• [TASK OBJECTIVE]
The result should be the lines from the one holding "صفر تا صد ابدومینوپلاستی" to the end of the records below, repeated exactly. No pictures.

• [SUPPLIED DATA]

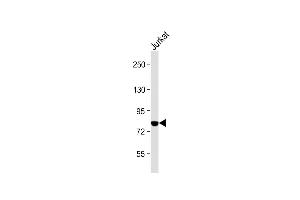 Anti-PKC theta Antibody (C-term) at 1:2000 dilution + Jurkat whole cell lysate Lysates/proteins at 20 μg per lane. (PKC theta 抗体  (C-Term))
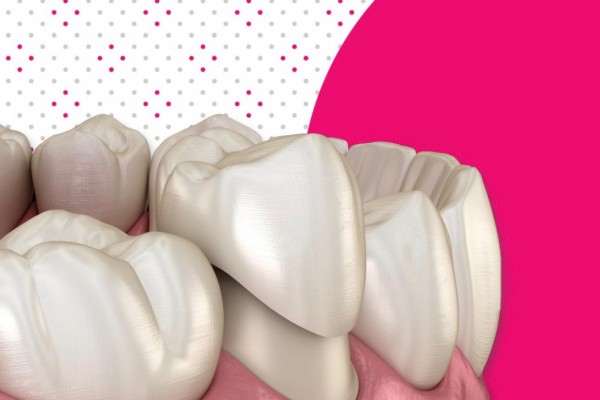 Učinkovita rje&scaron;enja za gubitak zuba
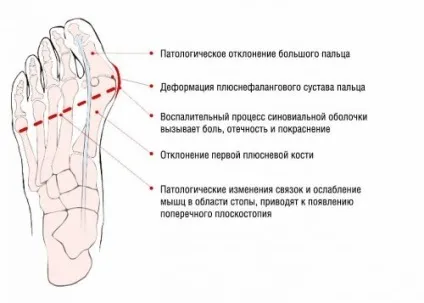 Фіксатор для кісточки на нозі огляд видів і способів застосування (кут відхилення пальця) Фіксатор для кісточки на нозі огляд видів і способів застосування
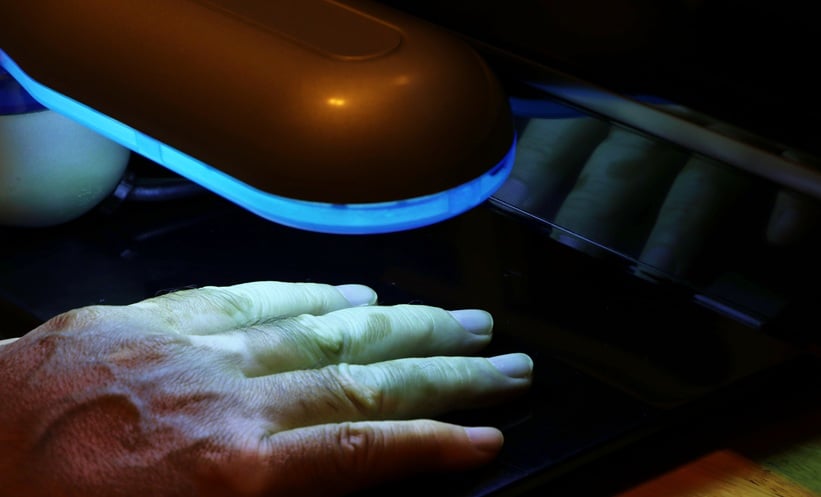 Psoriasis Treatment Response Restored With NB-UVB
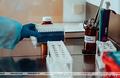 В Беларуси выздоровели и выписаны 10 620 пациентов с COVID-19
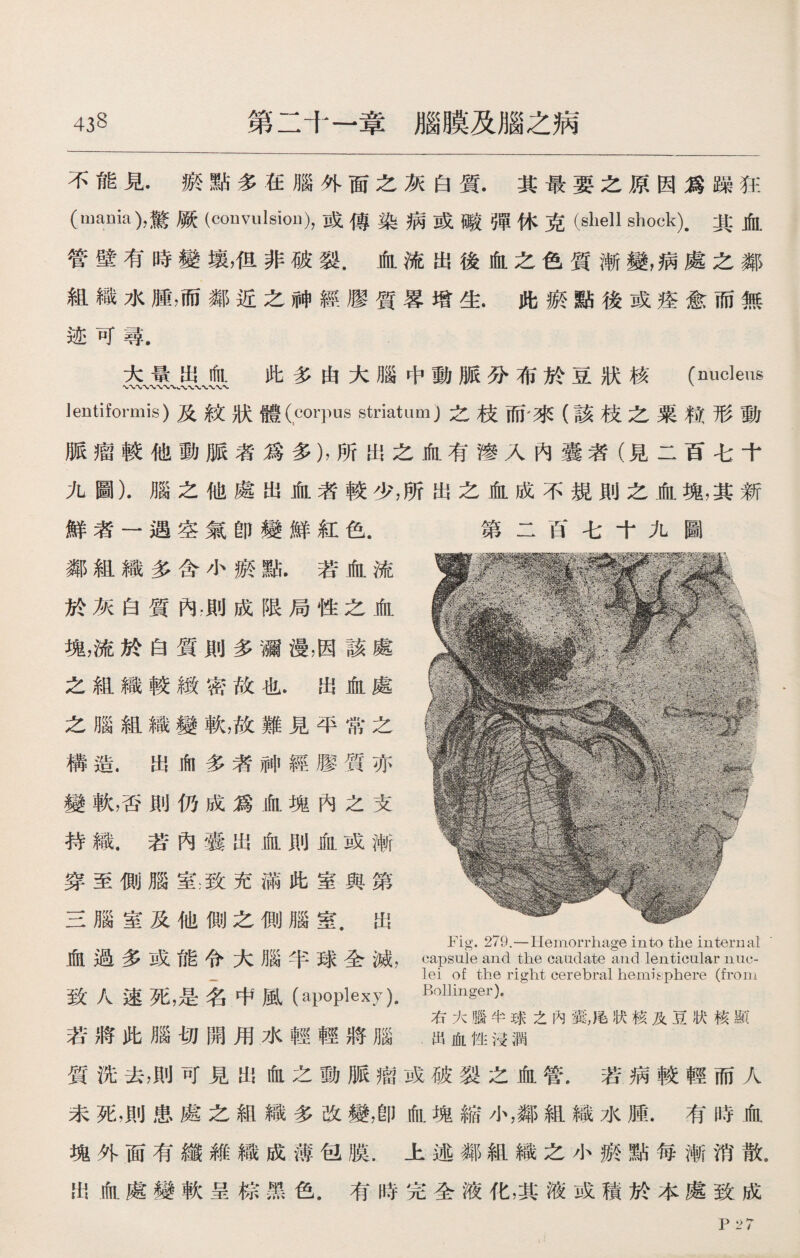 43§ 第二十一章腦膜及腦之病 不能見.瘀點多在腦外面之灰白質.其最要之原因爲躁狂 (mania)，驚厥(convulsion),或傳染病或礙彈休克(shell shock).其血 管壁有時變壤，伹非破裂.血流出後血之色質漸變，病處之鄰 組織水腫，而鄰近之神經膠質畧增生.此瘀點後或痊愈而無 迹可尋. 大景出血 此多由大腦中動脈分布於豆狀核 (nucleus Jentiformis)及紋狀體(corpus striatum)之枝而'來（該枝之粟粒形動 脈瘤較他動脈者爲多），所出之血有滲入內囊者（見二百七十 九圖）.腦之他處出血者較少，所出之血成不規則之血塊，其新 鮮者一遇空氣卽變鮮紅色. 第二百七十九圖 鄰組織多含小瘀點.若血流 於灰白質內，則成限局性之血 塊，流於白質則多瀰漫，因該處 之組織較緻密故也.出血處 之腦組織變軟，故難見平常之 構造.出向多者神經膠質亦 變軟，否則仍成爲血塊內之支 持織.若內囊出血則血或漸 穿至側腦室:致充滿此室與第 三腦室及他側之惻腦室.出 血過多或能令大腦半球全滅， 致人速死，是名中風(apoplexy). 若將此腦切開用水輕輕將腦 質洗去，則可見出血之動脈瘤或破裂之血管.若病較輕而人 未死，則患處之組織多改變，卽血塊縮小，鄰組織水腫.有時血 塊外面有纖維織成薄包膜.上述鄰組織之小瘀點每漸消散. 出血處變軟呈棕黑色.有時完全液化，其液或積於本處致成 Fig. 279.—Hemorrhage into the internal capsule and the caudate and lenticular nuc¬ lei of the right cerebral hemisphere (from Bollinger). 右大腦半球之內囊，尾状核及豆狀核顯 出血性沒潤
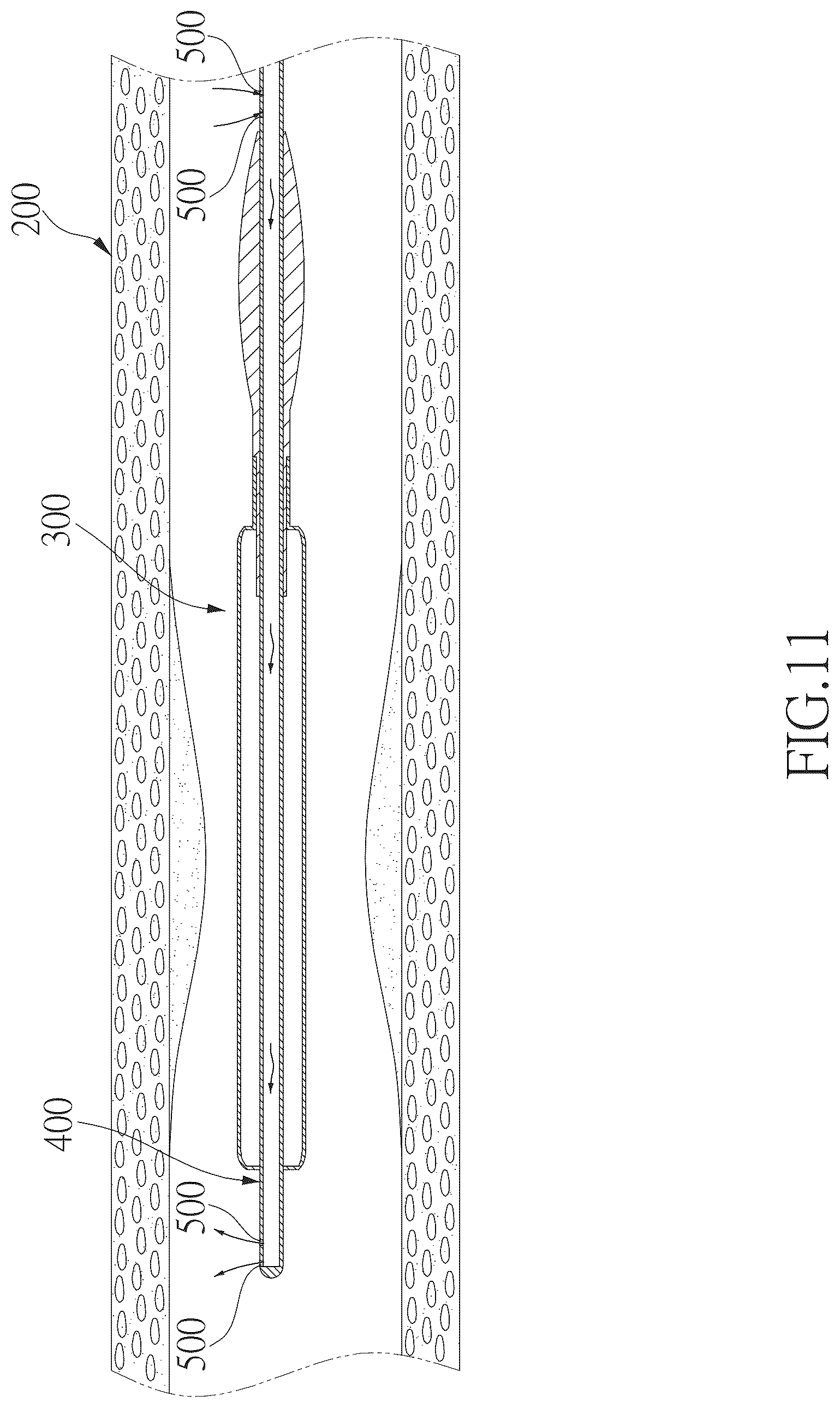 Patent US12496436 Figure 7 – Hollow balloon catheter device for guiding blood flow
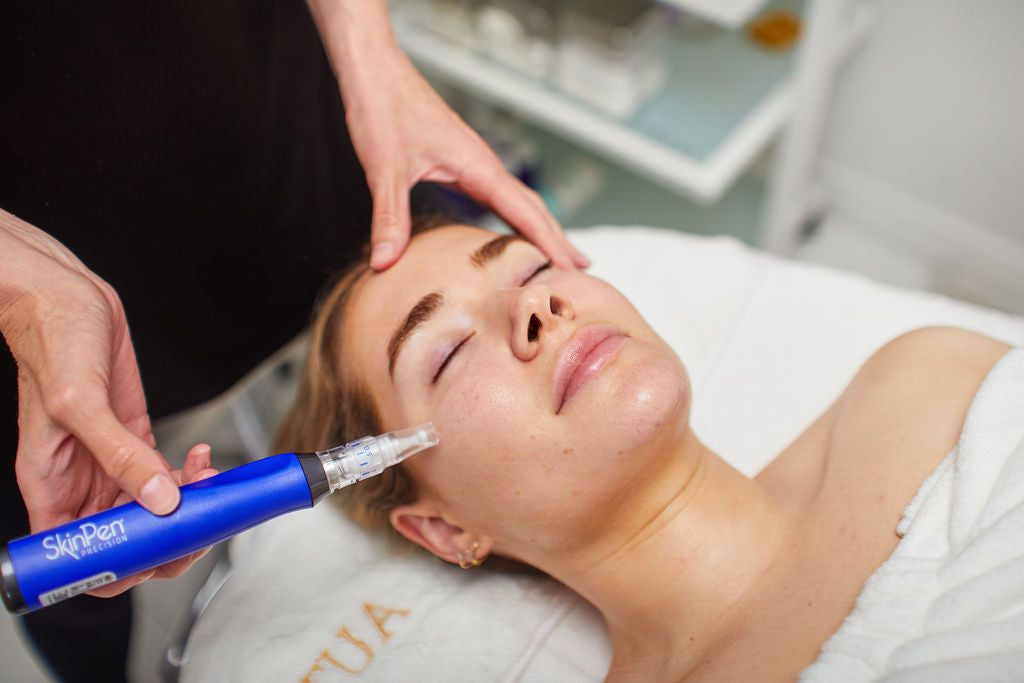 Microneedling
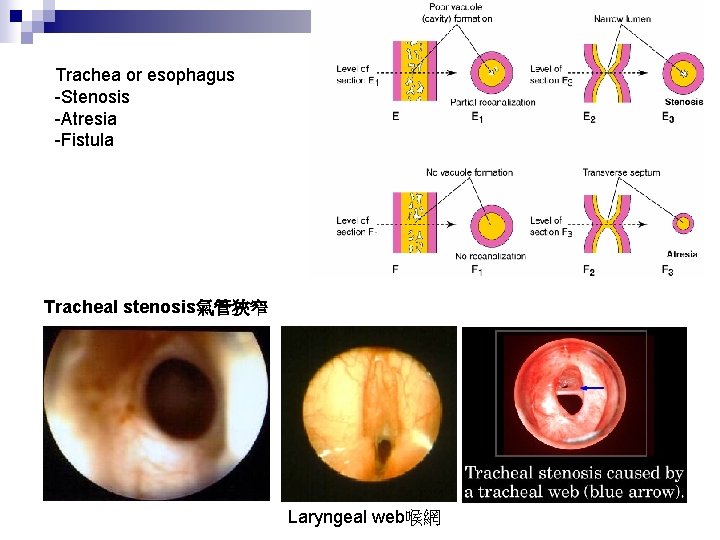 Trachea or esophagus -Stenosis -Atresia -Fistula Tracheal stenosis氣管狹窄 Laryngeal web喉網 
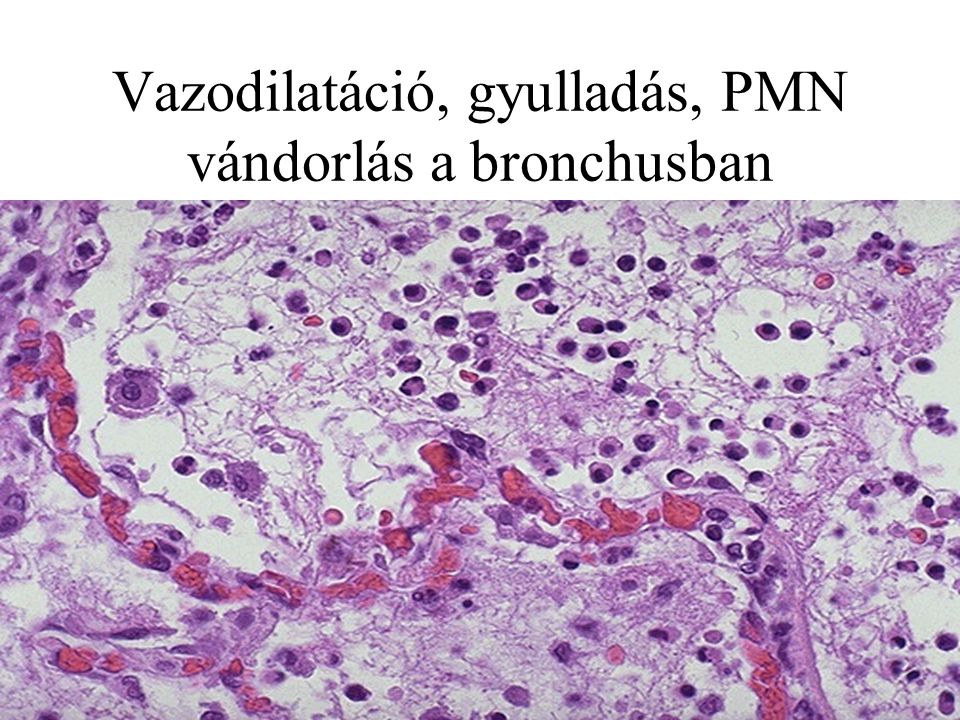 Vazodilatáció, gyulladás, PMN vándorlás a bronchusban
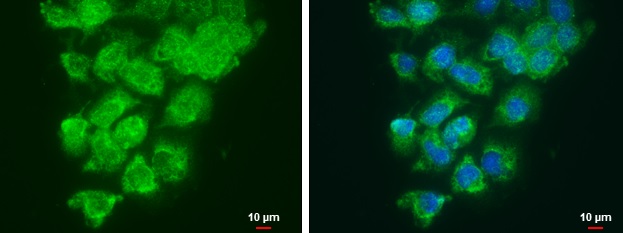 Immunocytochemistry/ Immunofluorescence - Anti-LOXL2 antibody (AB96233)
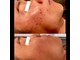 アミュレット(AMULET)の写真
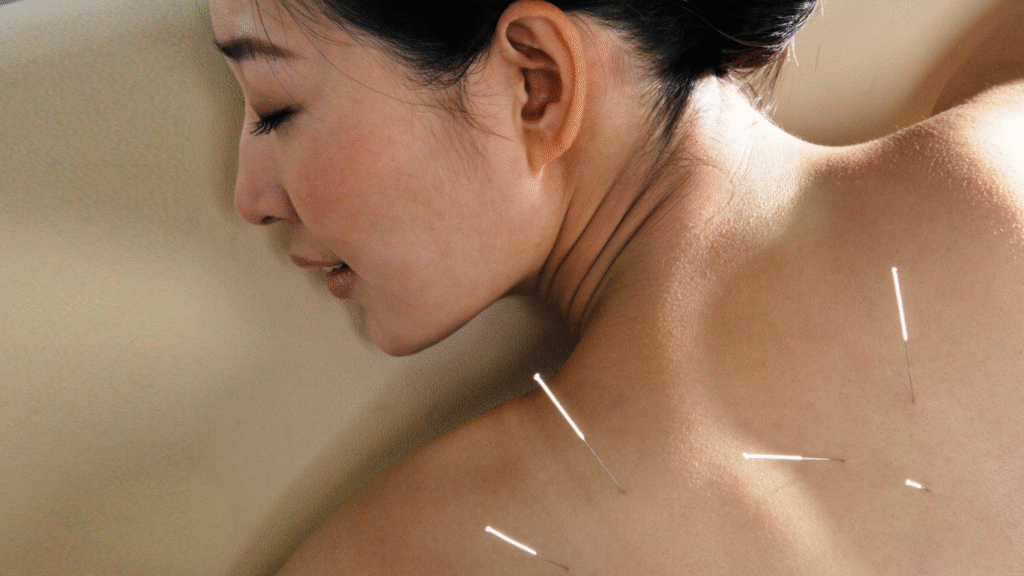 A person resting comfortably while receiving acupuncture, with fine needles placed along the upper back in a calm treatment setting.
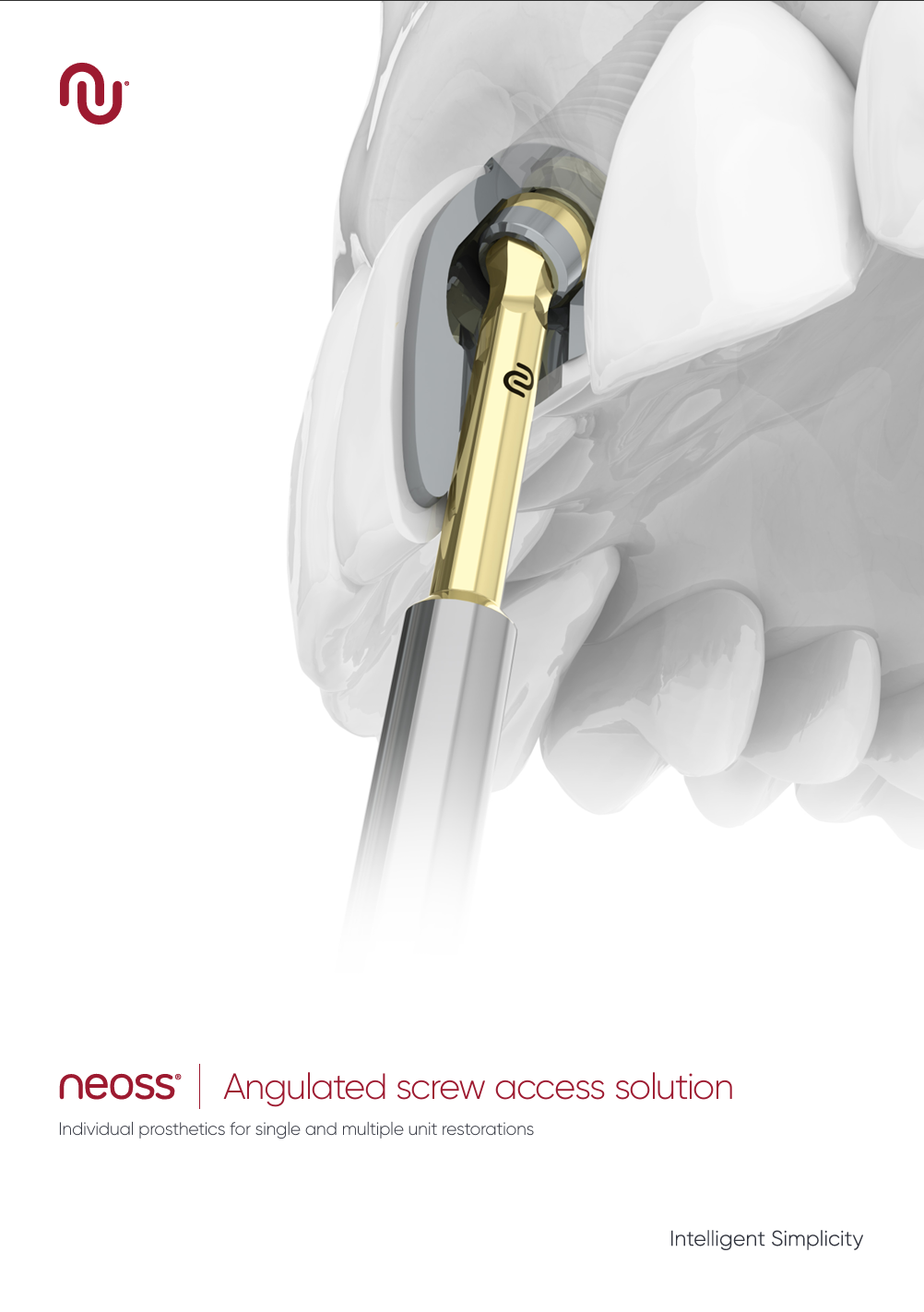 Brochure Angulated screw access solution EN 2018-09-28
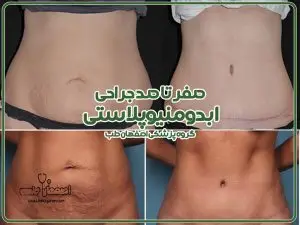 صفر تا صد ابدومینوپلاستی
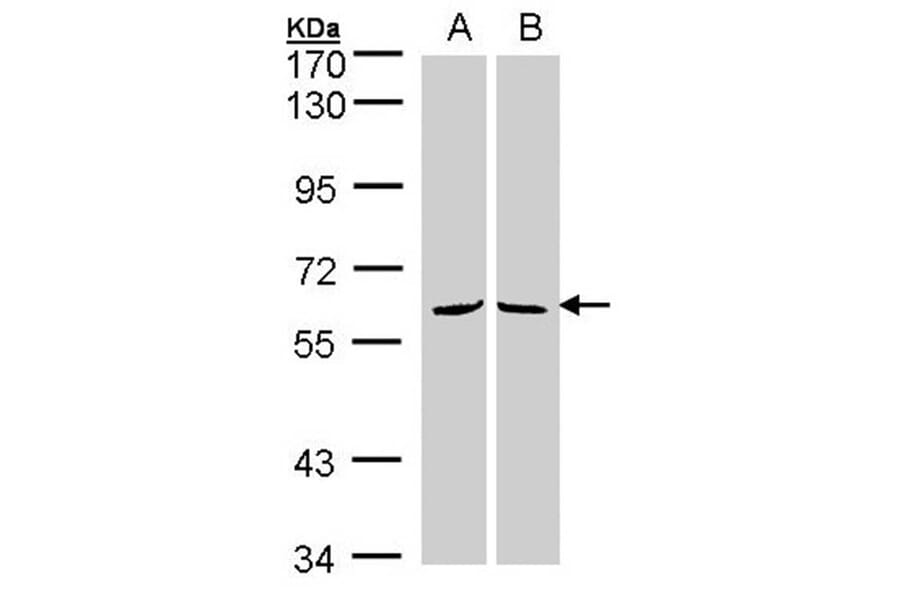 MPP3 antibody from Signalway Antibody (22348) - Antibodies.com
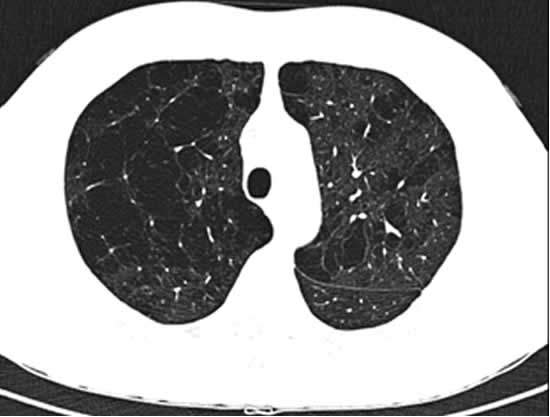 TAC Torace (HRCT) in paziente con diffuso enfisemapolmonare bolloso conseguente a deficit di α1-AT (DAAT)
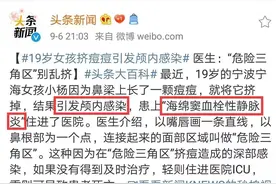 挤了一颗痘导致颅内感染！医生：长在这个区域的痘痘别乱挤图片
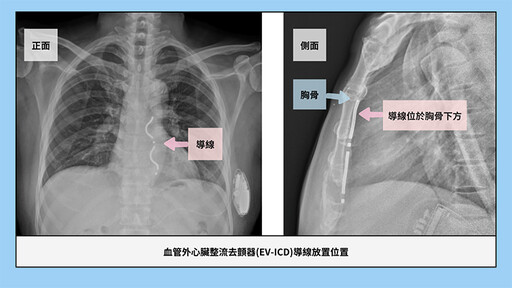 51歲男突發心因性猝死 新式血管外去顫器技術成功救回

• [SOLUTION]
 صفر تا صد ابدومینوپلاستی
 MPP3 antibody from Signalway Antibody (22348) - Antibodies.com
 TAC Torace (HRCT) in paziente con diffuso enfisemapolmonare bolloso conseguente a deficit di α1-AT (DAAT)
 挤了一颗痘导致颅内感染！医生：长在这个区域的痘痘别乱挤图片
 51歲男突發心因性猝死 新式血管外去顫器技術成功救回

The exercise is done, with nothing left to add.